Found some answers here:
<http://curious.astro.cornell.edu/question.php?number=746>

------
JoeAltmaier
Logically oceans get hit at the same rate. Also land that is now under water.
Are there any recorded oceanic meteor strikes in this map?

Oh! The one that killed the dinosaurs. It was pretty big. Maybe only the big
ones leave a mark on the ocean floor.

------
jatorre
Some explanation over the map is here
[http://www.theverge.com/2013/2/18/4001936/map-every-
recorded...](http://www.theverge.com/2013/2/18/4001936/map-every-recorded-
meteorite-strike-earth-2300-BCE)

------
menacingly
They seem to concentrate in areas with the means to record them

------
vincefutr23
it would be interesting to overlay geography and population maps on top of
this data. It seems as if the most density comes in areas with flat,
unobstructed land, but also with relatively high populations.

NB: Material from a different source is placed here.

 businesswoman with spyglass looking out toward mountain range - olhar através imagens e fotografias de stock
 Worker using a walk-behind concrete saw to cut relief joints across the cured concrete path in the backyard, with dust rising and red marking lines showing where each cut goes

Assuming random
strikes, mere desserts or population centers do not seem enough to generate
density, it must be a combination of prairie/desert and people such as Kansas
or Northern Texas

------
jatorre
If you are interested on how it was made, checkout
<https://vimeo.com/59791629>

------
jmadsen
Interesting - there is a perception, I think, that Russia gets hit by more
than their share, but actually opposite seems true